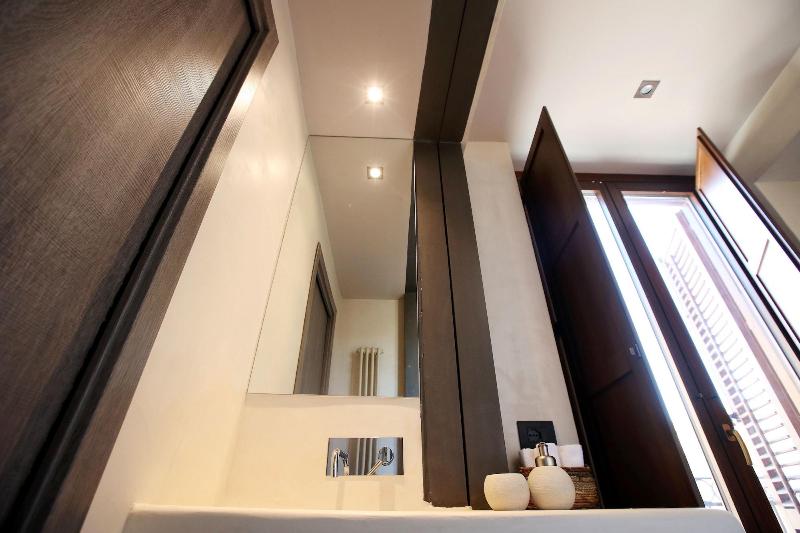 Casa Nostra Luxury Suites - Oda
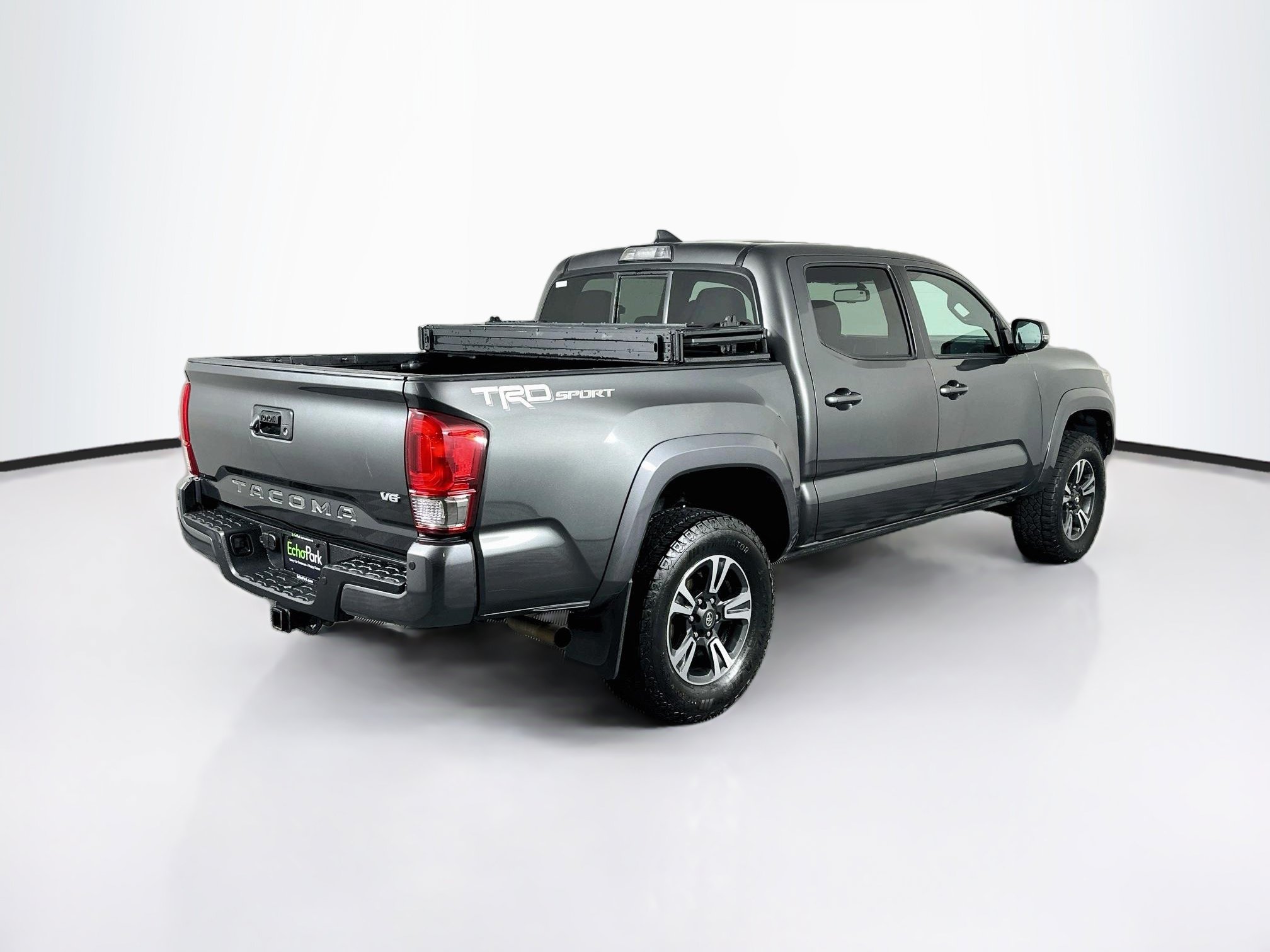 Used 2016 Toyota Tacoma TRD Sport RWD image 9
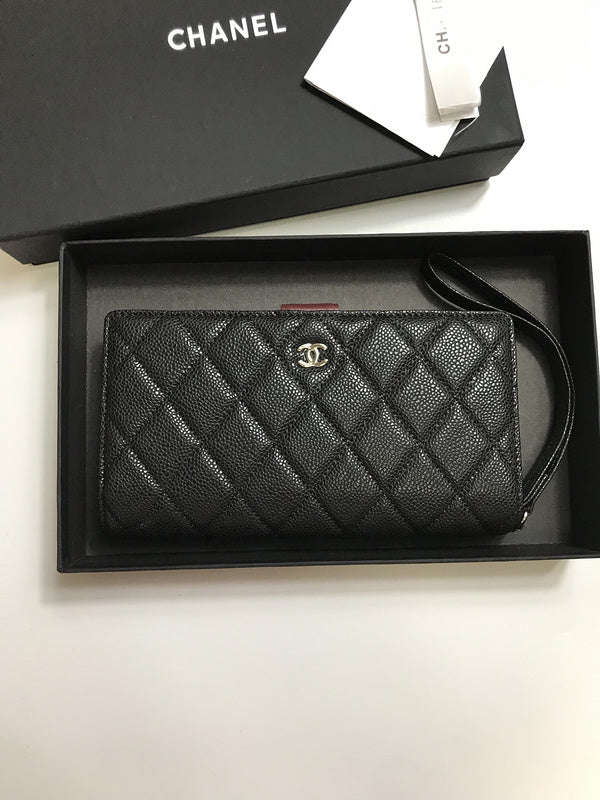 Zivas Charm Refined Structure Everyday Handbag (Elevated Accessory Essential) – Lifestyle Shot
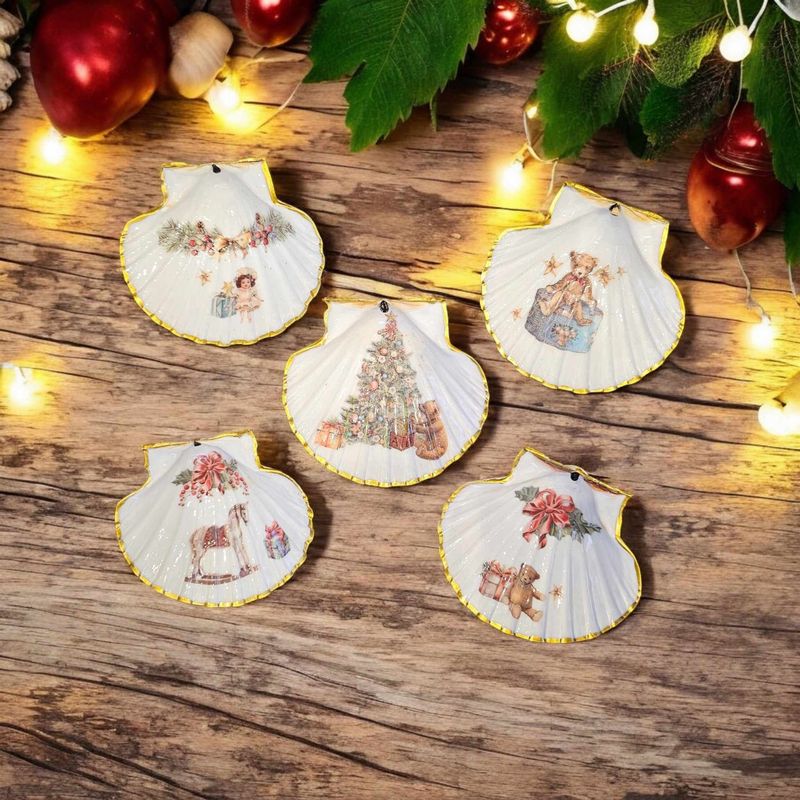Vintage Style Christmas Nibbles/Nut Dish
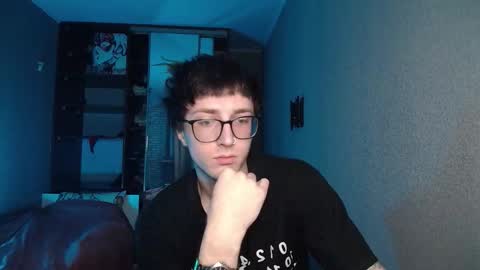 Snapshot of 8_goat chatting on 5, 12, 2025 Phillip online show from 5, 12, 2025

────────────────────

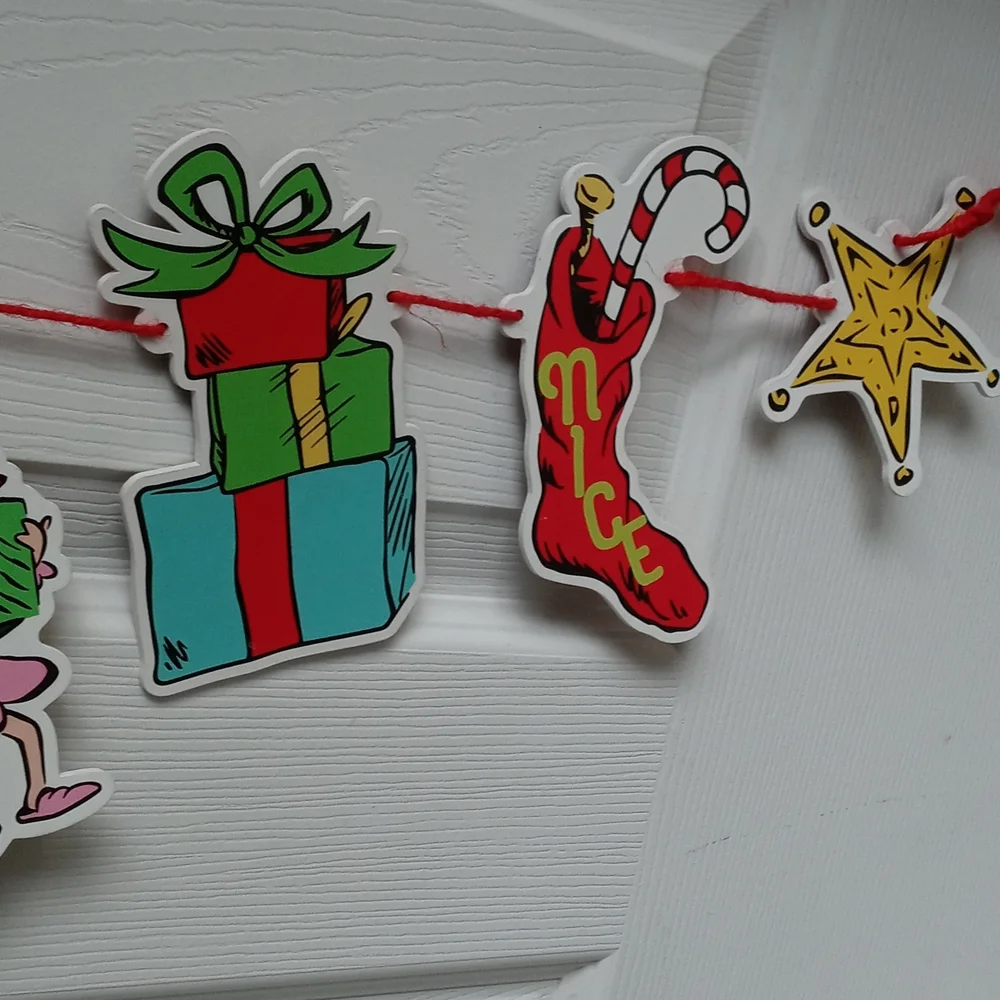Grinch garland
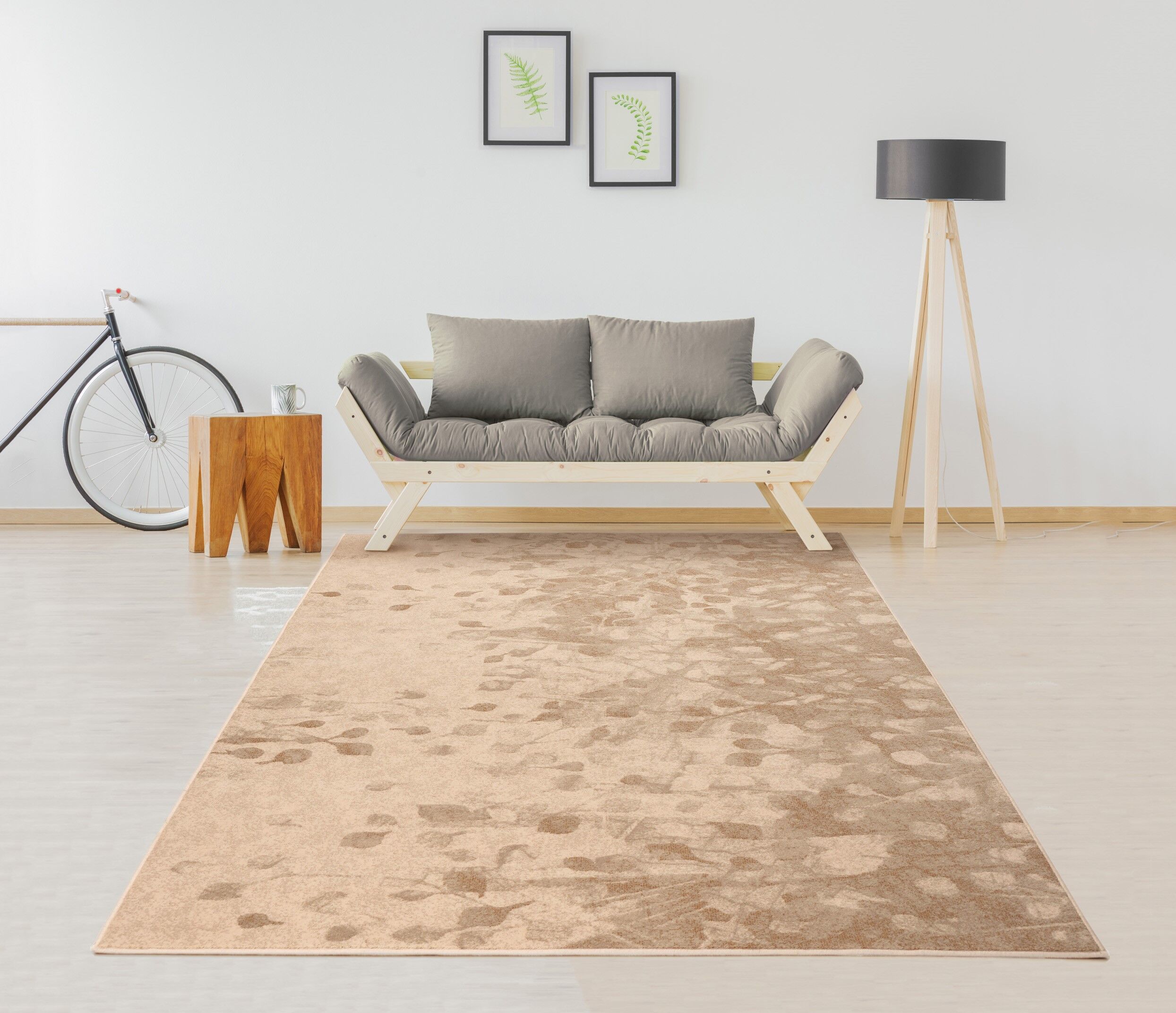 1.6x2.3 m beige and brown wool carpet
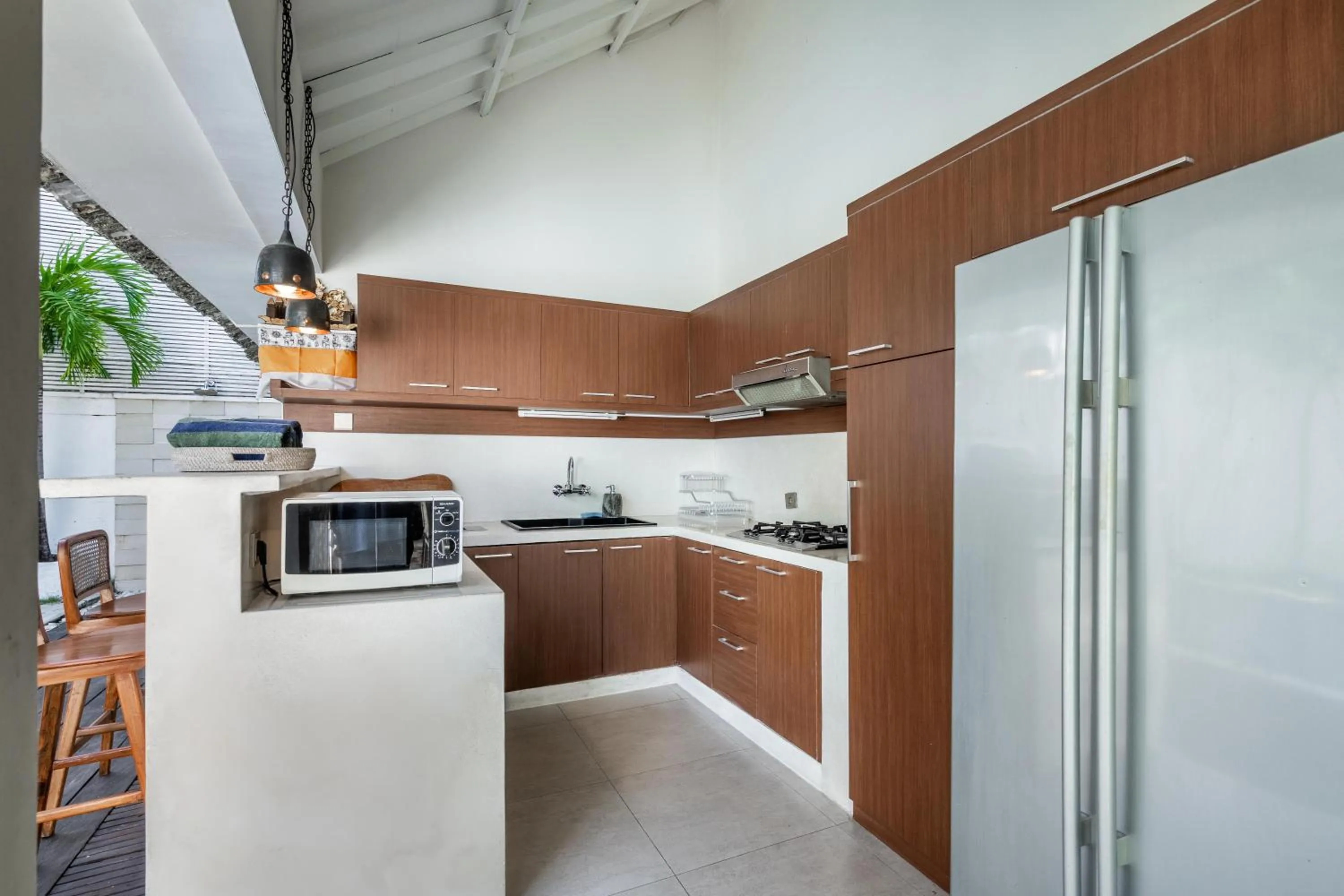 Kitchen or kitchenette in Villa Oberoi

────────────────────

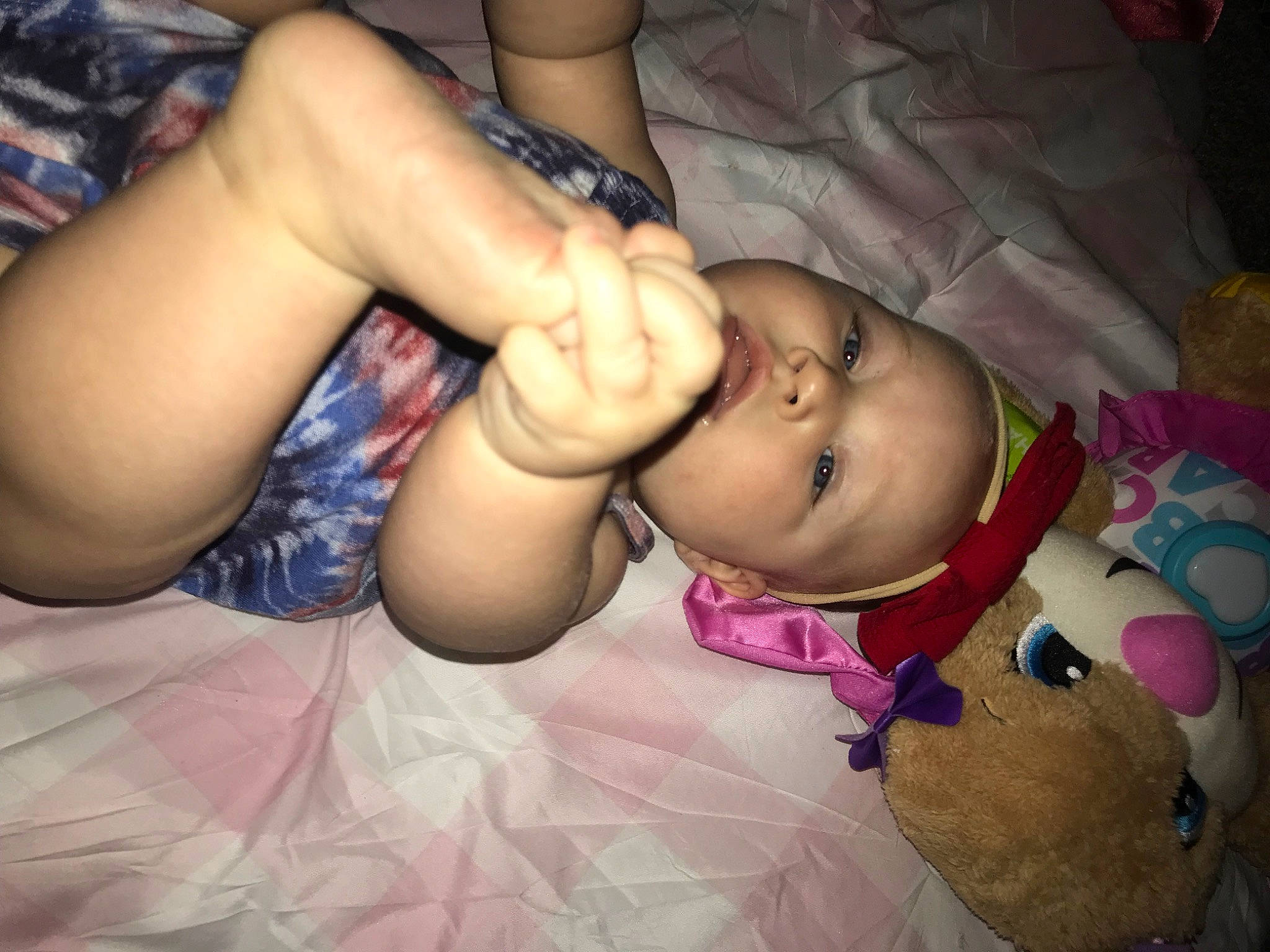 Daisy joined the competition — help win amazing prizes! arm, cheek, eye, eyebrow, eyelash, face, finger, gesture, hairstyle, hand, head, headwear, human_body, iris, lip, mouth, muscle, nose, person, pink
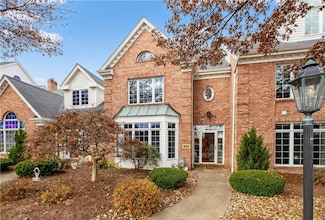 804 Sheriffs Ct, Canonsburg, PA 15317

────────────────────

EXERCISE
Beginning at the line above that contains "Casa Nostra Luxury Suites - Oda" and going on through the line that contains "Snapshot of 8_goat", please copy every line exactly, leaving the pictures out and adding nothing.

ANSWER TO THE PROBLEM
 Casa Nostra Luxury Suites - Oda
 Used 2016 Toyota Tacoma TRD Sport RWD image 9
 Zivas Charm Refined Structure Everyday Handbag (Elevated Accessory Essential) – Lifestyle Shot
Vintage Style Christmas Nibbles/Nut Dish
 Snapshot of 8_goat chatting on 5, 12, 2025 Phillip online show from 5, 12, 2025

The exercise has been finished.